Immaculate Conception Catholic Church was established in its current location on Chapel Hill Street in 1905, on land donated by William T. O'Brien, the mechanic who made the Bonsack cigarette machine work for J.B. Duke, thereby creating the competitive advantage that allowed the astronomical growth of the compnay.
A church school was also estabished in 1909. The congregation continued to used these structures throughout the early part of the 20th century.
Looking north from West Chapel Hill St., probably 1940s.
In 1957, this church was torn down
and replaced with this one:
Looking northeast, under construction.
Which is still in use today, although essentially replaced by larger structure beside it.
There was a house or parsonage on the site of this parking lot until at least the late 1970s.
Another view of this block of West Chapel Hill Street from the 1920s, looking east.
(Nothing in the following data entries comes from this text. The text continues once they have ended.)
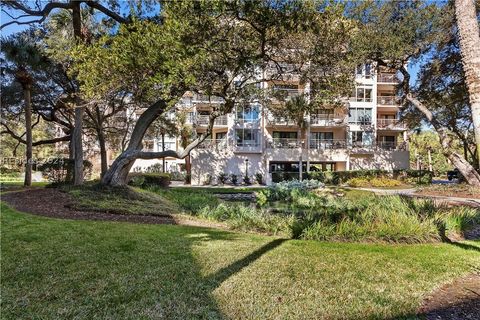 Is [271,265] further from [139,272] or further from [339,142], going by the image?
[339,142]

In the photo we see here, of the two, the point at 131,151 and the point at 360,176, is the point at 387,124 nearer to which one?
the point at 360,176

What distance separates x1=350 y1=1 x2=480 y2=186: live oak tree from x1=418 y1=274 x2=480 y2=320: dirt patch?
645 inches

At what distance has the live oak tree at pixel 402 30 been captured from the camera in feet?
62.5

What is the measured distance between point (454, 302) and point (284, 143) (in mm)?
31778

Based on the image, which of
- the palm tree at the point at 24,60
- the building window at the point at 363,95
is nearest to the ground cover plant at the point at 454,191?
the palm tree at the point at 24,60

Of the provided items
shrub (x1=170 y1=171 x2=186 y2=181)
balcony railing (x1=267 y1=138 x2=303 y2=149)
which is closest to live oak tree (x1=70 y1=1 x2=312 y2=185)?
balcony railing (x1=267 y1=138 x2=303 y2=149)

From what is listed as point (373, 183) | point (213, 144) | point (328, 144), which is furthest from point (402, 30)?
point (213, 144)

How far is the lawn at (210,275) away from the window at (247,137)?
90.9 ft

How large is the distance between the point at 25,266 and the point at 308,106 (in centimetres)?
1072

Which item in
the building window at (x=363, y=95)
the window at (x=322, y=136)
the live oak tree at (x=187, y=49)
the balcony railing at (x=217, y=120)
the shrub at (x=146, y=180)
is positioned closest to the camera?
the live oak tree at (x=187, y=49)

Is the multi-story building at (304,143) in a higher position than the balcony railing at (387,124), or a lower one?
lower

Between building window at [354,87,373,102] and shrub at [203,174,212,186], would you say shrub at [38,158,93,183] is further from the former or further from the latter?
building window at [354,87,373,102]

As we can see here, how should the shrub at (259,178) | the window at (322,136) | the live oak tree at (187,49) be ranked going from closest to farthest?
1. the live oak tree at (187,49)
2. the shrub at (259,178)
3. the window at (322,136)

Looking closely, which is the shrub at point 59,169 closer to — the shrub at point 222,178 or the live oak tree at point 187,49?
the live oak tree at point 187,49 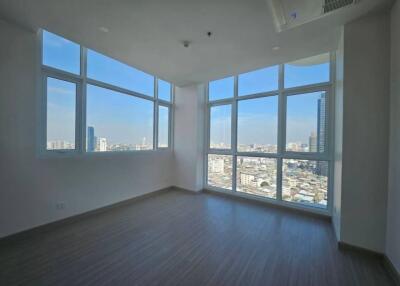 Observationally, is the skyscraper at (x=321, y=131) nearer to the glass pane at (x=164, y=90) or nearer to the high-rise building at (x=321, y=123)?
the high-rise building at (x=321, y=123)

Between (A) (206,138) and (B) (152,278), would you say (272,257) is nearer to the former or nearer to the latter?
(B) (152,278)

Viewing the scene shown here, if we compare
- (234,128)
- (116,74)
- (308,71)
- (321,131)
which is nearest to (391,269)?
(321,131)

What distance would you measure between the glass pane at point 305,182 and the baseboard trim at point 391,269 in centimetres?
126

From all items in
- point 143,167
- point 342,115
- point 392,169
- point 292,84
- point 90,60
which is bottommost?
point 143,167

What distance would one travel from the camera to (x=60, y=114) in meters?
2.75

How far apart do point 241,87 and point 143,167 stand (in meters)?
3.09

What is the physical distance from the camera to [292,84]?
347 cm

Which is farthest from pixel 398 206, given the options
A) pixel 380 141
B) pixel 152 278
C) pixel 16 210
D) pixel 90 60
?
pixel 90 60

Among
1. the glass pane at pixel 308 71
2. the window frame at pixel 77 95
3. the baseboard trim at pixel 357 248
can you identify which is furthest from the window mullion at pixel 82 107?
the baseboard trim at pixel 357 248

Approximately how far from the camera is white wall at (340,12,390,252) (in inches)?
76.9

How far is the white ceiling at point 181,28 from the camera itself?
1.87 meters

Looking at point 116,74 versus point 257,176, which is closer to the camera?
point 116,74

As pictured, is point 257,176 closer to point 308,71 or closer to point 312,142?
point 312,142

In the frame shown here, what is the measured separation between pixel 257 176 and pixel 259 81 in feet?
7.24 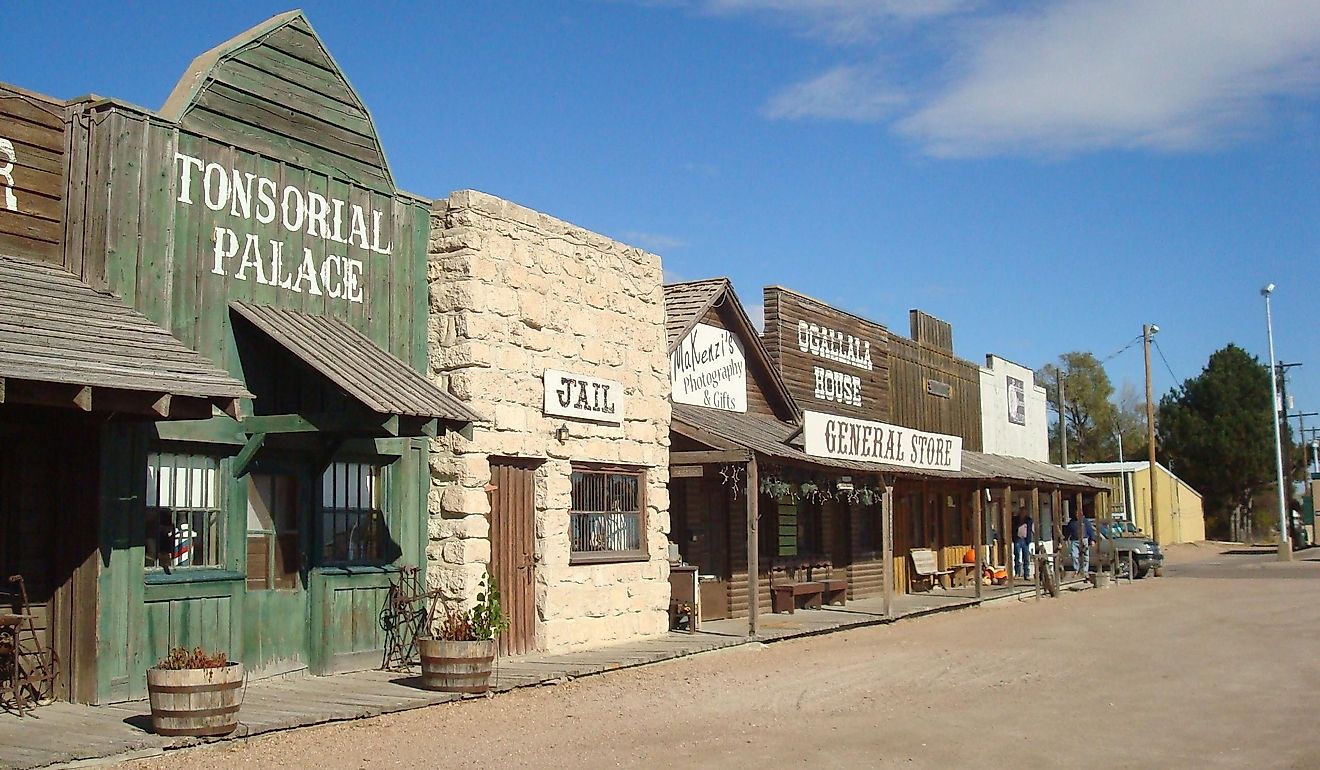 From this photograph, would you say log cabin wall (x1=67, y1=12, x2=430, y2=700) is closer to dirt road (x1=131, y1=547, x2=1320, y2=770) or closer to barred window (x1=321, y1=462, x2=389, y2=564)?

(Courtesy Durham County Library)
This shot is taken from the corner of Buchanan Blvd. and West Chapel Hill Street. Immaculate Conception is barely visible beyond a large tree on the left side.
Same view today.
The church expanded into the large building, just to the left in this shot. Rather unfortunately, this buildlng has a blank brick wall facing West Chapel Hill Street. Last year, the church, in partnership with Duke, opened the Emily K Center, which is one of several providers of services to neighborhood kids in the West End and Lyon Park.
I must admit to being disappointed in the site design for the center, simply because I think they came within a parking lot of hitting a home run. It's a great building, inside and out, and the corner was just a broken up parking lot and a hot dog stand before. But putting this big parking lot in front of the building was a mistake - the building should have been built up to the corner, where you could have actually seen it from the street. It could have created a great deal of life at this corner, which really needs it. The parking lot could have been shunted towards the north east (towards the Freeway and Burch), with much less effect.